No Variable Rate Transactions. From the date hereof until the earlier of (i) expiration or valid termination of this Agreement and (ii) the ninetieth (90th) day after the filing of a post-effective amendment to the effective Registration Statement, the Company shall not effect or enter into an agreement to effect a Variable Rate Transaction, except with the prior written consent of a majority-in-interest of the Investors (as determined based on their respective Allocation Percentages).”

 

1.11 Section 7.01(h) is hereby amended and restated in its entirety as follows:

 

Authorized Common Shares; Exchange Cap. Immediately prior to giving effect to such purchase and sale, there shall be (x) at least a number of authorized and unissued, and not otherwise subject to contractual reserve, Common Shares and (y) at least a number of authorized but unissued Common Shares remaining under the Exchange Cap, in each case of clause (x) and (y), equal to 110% of the number of Conversion Shares issuable in respect of the Put Shares (assuming conversion of the Put Shares at the Conversion Price then in effect taking into account the Exchange Cap).”

 

1.12 The following provision is added as a new Section 7.01(n):

 

“(n) Registration Statement.

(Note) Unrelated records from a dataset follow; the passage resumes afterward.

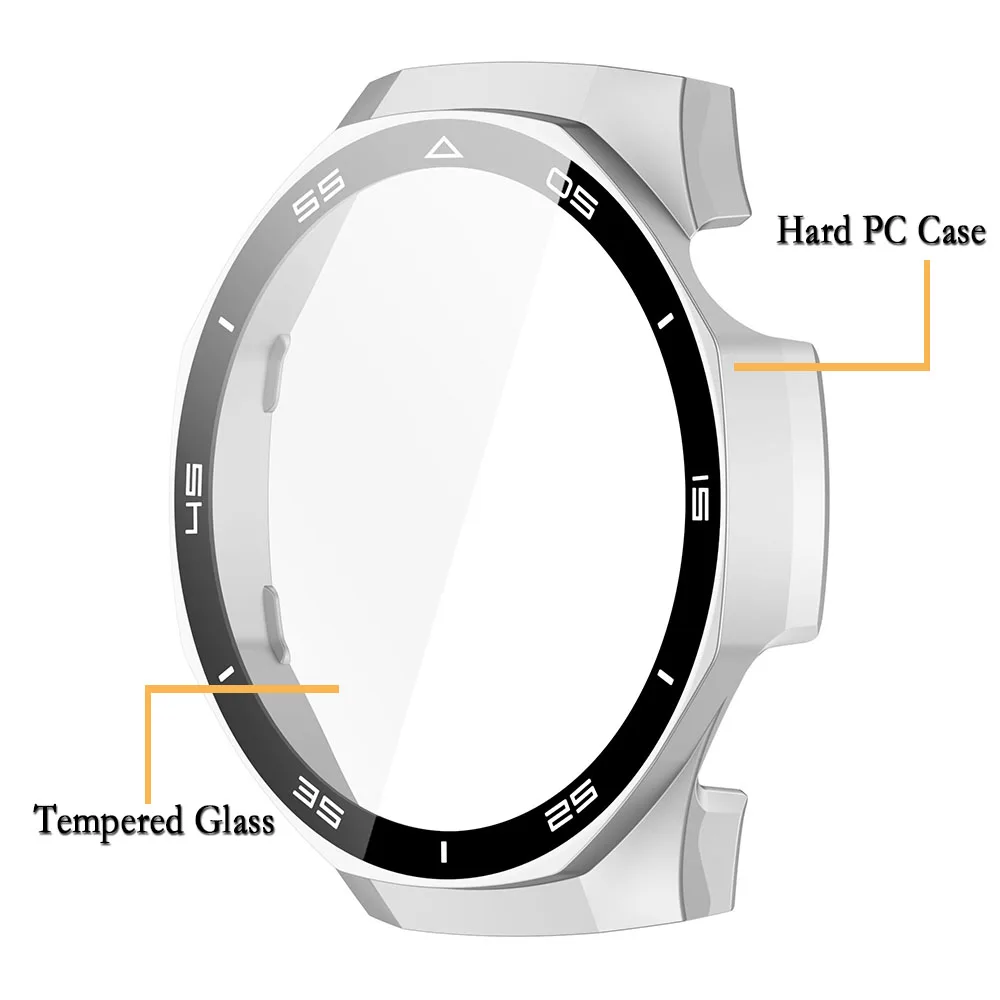 Elegant Dual-Function Watch Case with Scale Design and Tempered Glass Protection Cover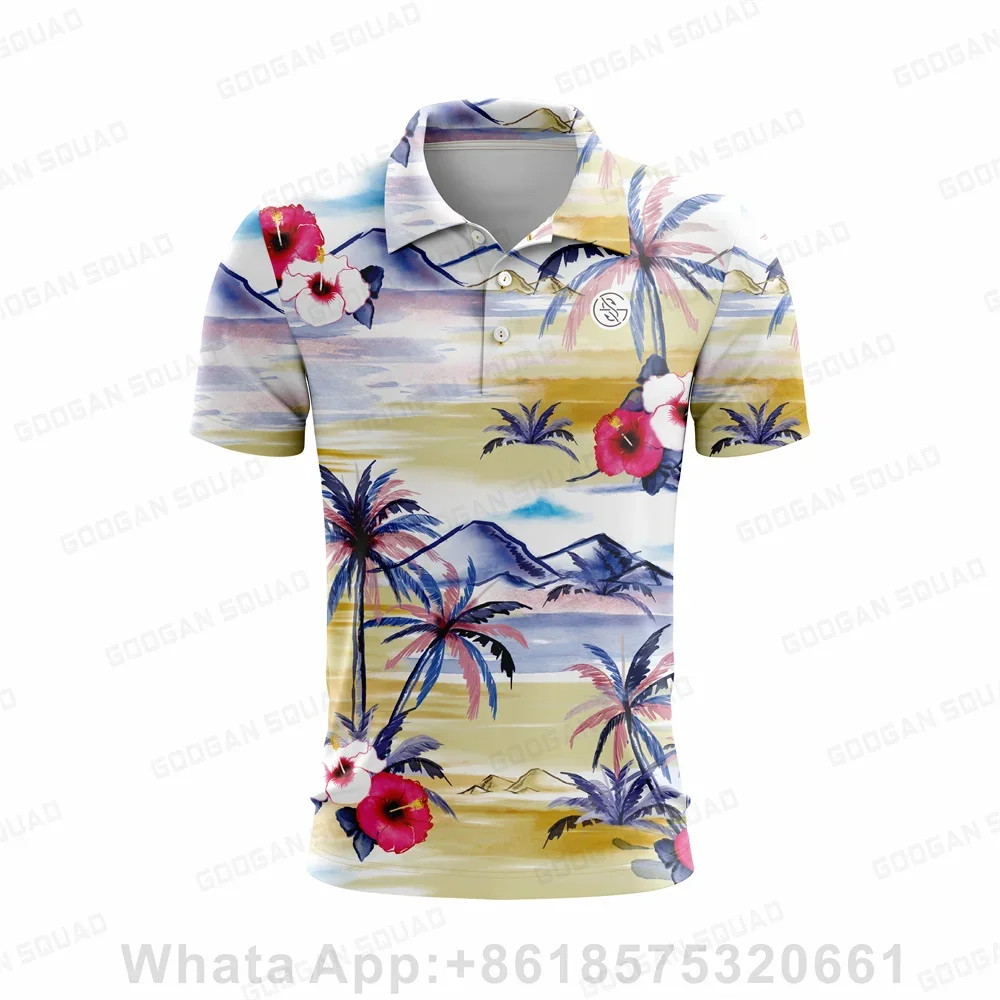 Summer Men's Golf Shirt Quick-drying Breathable Polo Shirts Outdoor Sports Football Volleyball Fishing Excursions Button T-Shirt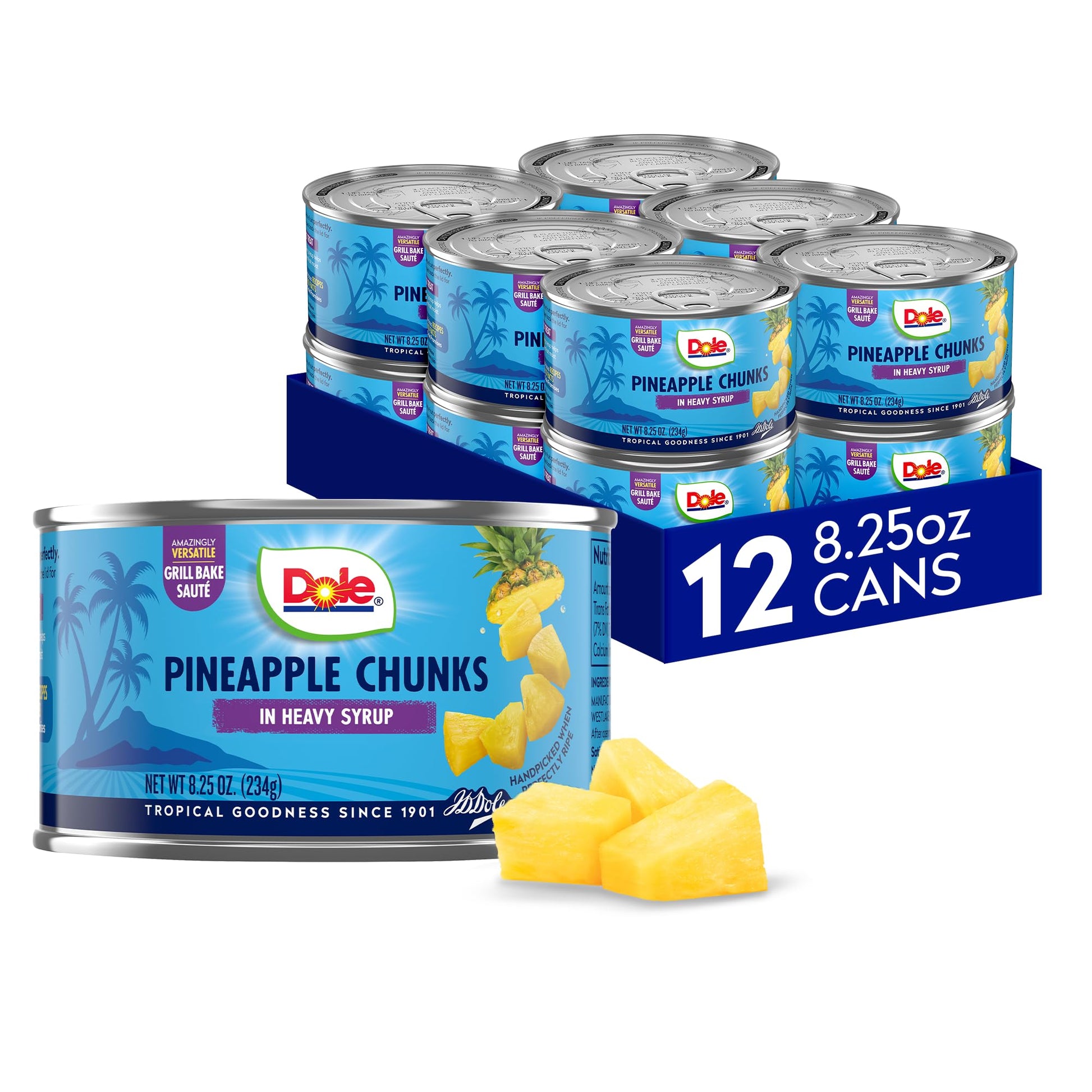 Dole Canned Fruit, Pineapple Chunks In Heavy Syrup, Gluten Free, Pantry Staples, 8.25 Oz, 12 Count, Packaging May Vary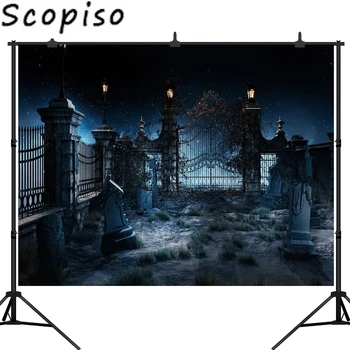 

Scopiso Happy Halloween Photography Background European Door Stars Sky Professional Background Studio Children Photography Props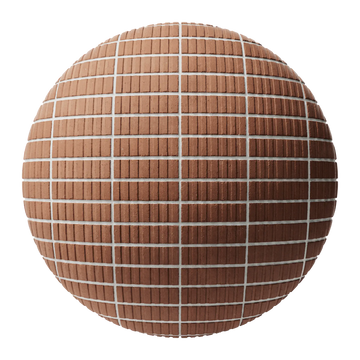 Grooved Red Clay Brick Facade Stack Bond PBR Texture - Sphere Swatch Preview | Superellipse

A Registration Statement has been declared and remains effective under the Securities Act and available for the resale of the Conversion Shares as of the date of the delivery of the Put Notice.”

 

1.13 Section 10.01(a) is hereby amended and restated in its entirety as follows:

 

“Unless earlier terminated as provided hereunder, this Agreement shall terminate automatically on the earliest of (i) August 14, 2028, (ii) the date on which the Investors shall have made payment of the aggregate Purchase Price for Put Issuances pursuant to this Agreement equal to the Commitment Amount, or (iii) such time as there ceases to be a sufficient number of authorized but unissued Common Shares remaining under the Exchange Cap to enable the Company to satisfy the condition set forth in Section 7.01(h) with respect to any Put Notice that may otherwise be delivered in accordance with Article II.”

 

2. Miscellaneous.

 

2.1 Amendment to Certificate of Designation. The Company has proposed to amend the Certificate of Designation by filing the Certificate of Amendment to the Certificate of Designation of Powers, Preferences and Relative, Participating, Optional and Other Restrictions as set forth in Exhibit A, attached hereto.

 

2.2 Ratification of Purchase Agreement; Full Force and Effect; Conflicts. Other than as expressly modified pursuant to this Amendment, all of the terms, conditions and other provisions of the Purchase Agreement are hereby ratified and confirmed and shall continue to be in full force and effect in accordance with their respective terms. No reference to this Amendment need be made in any instrument or document making reference to the Purchase Agreement, and any reference to the Purchase Agreement in any such instrument or document shall be deemed a reference to the Purchase Agreement as amended hereby. This Amendment shall apply and be effective only with respect to the provisions of the Purchase Agreement specifically referred to herein.

 

2.3 Other Matters. The provisions of Article IX (Choice of Law/Jurisdiction), Article XI (Notices), Section 12.01 (Counterparts), Section 12.02 (Entire Agreement; Amendments), Section 12.04 (Expenses) and Section 12.06 (Brokerage) of the Purchase Agreement shall apply mutatis mutandis to this Amendment.

 

[signature page follows]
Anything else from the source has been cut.